__Records supplied__.
* * * *

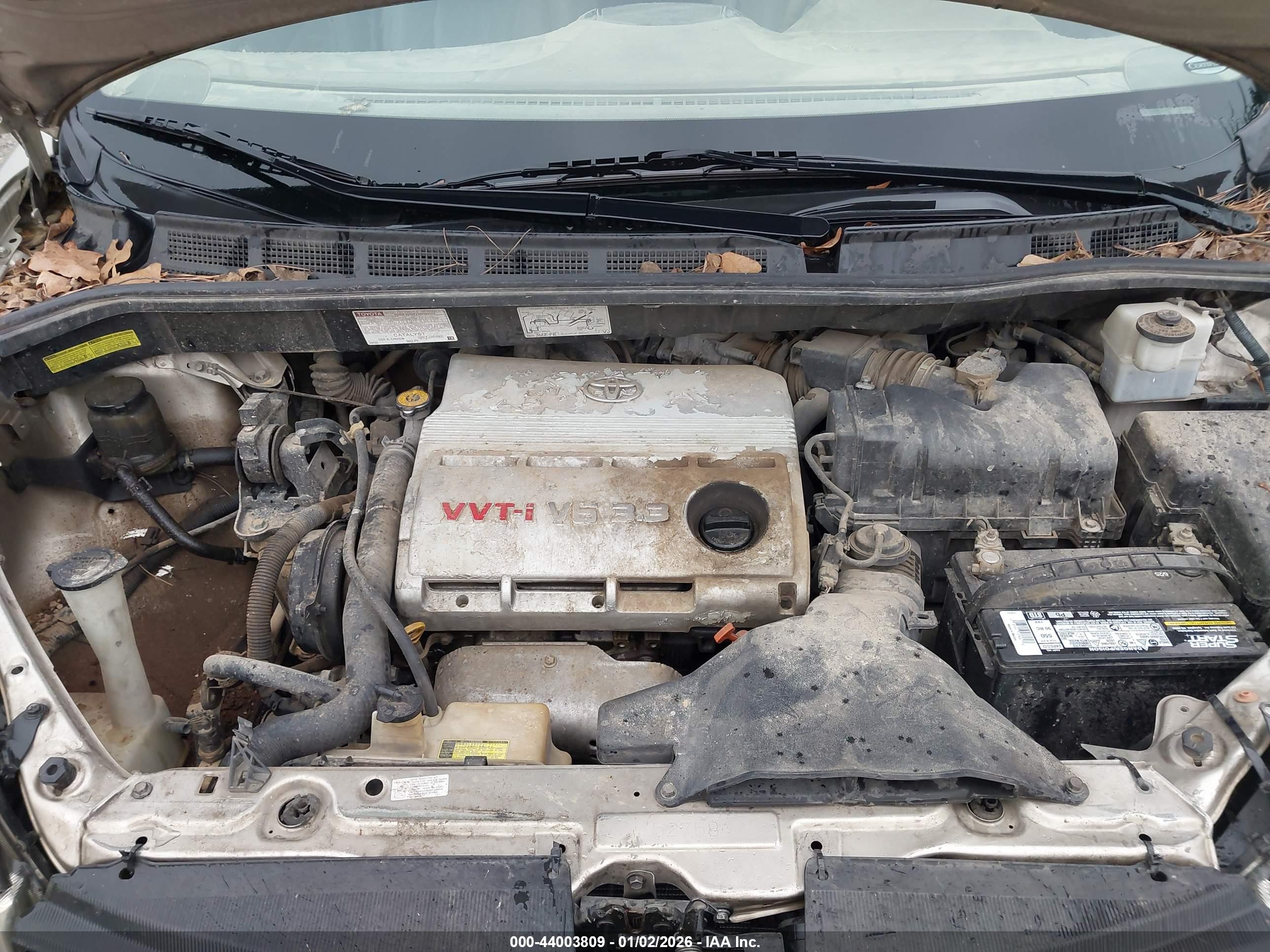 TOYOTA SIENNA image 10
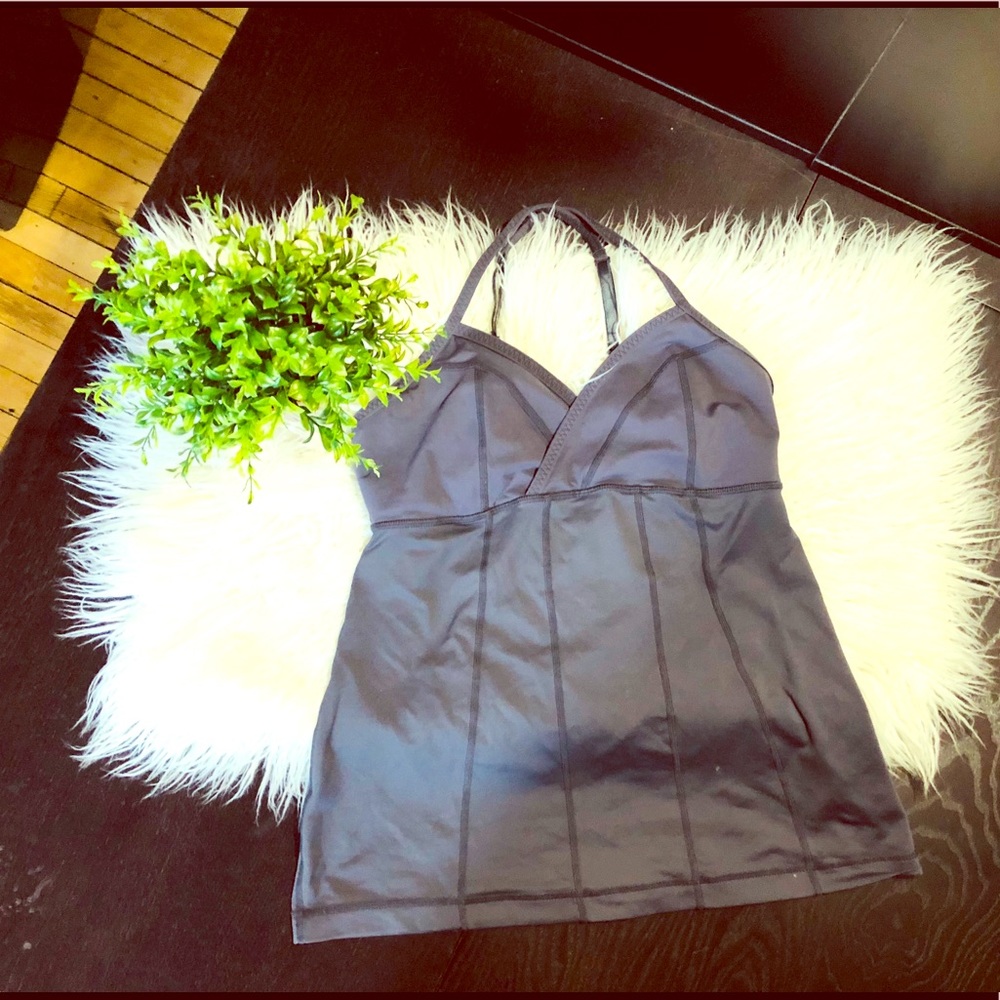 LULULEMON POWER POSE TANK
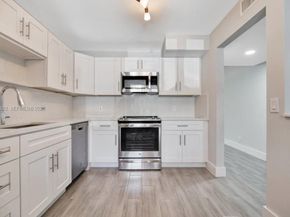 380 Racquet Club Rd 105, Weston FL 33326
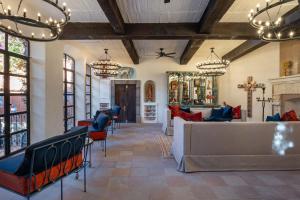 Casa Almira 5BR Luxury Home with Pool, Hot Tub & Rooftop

* * * *

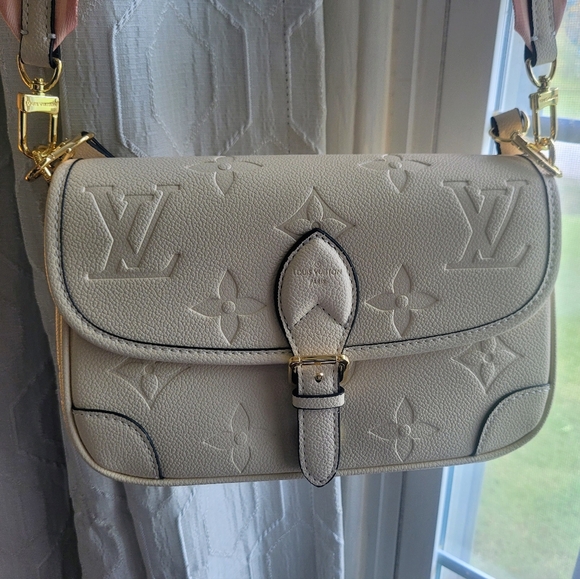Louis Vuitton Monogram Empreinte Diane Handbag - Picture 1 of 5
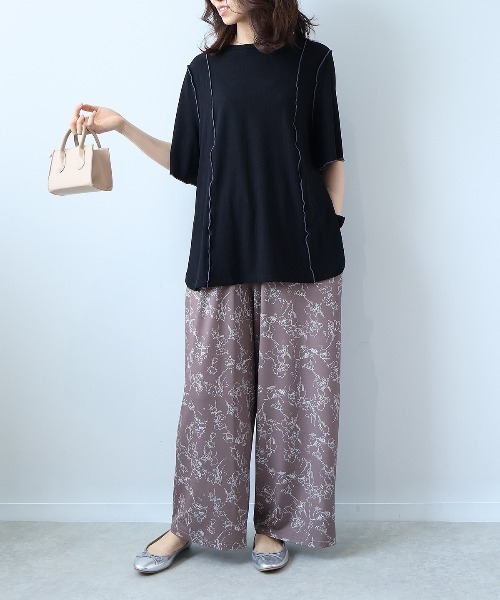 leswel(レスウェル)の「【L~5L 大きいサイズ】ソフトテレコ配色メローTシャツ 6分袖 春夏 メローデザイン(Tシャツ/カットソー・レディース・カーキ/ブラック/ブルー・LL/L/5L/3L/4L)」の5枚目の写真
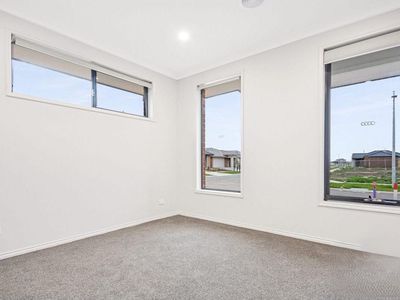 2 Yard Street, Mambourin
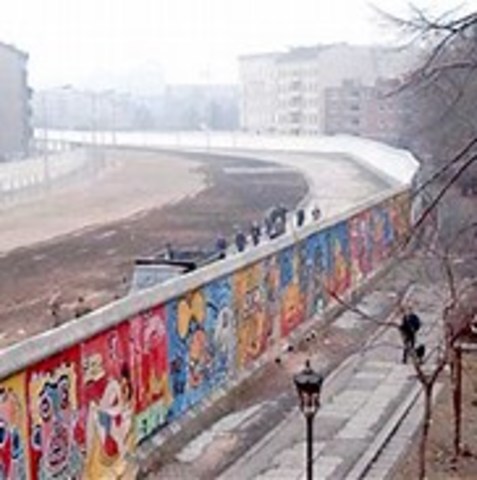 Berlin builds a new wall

* * * *

__What is required__.
Extract the part of the records that opens with the line containing "TOYOTA SIENNA image 10" and closes with the line containing "Casa Almira 5BR". Take only those lines, exactly, and no pictures.

__Result__.
 TOYOTA SIENNA image 10
 LULULEMON POWER POSE TANK
 380 Racquet Club Rd 105, Weston FL 33326
 Casa Almira 5BR Luxury Home with Pool, Hot Tub & Rooftop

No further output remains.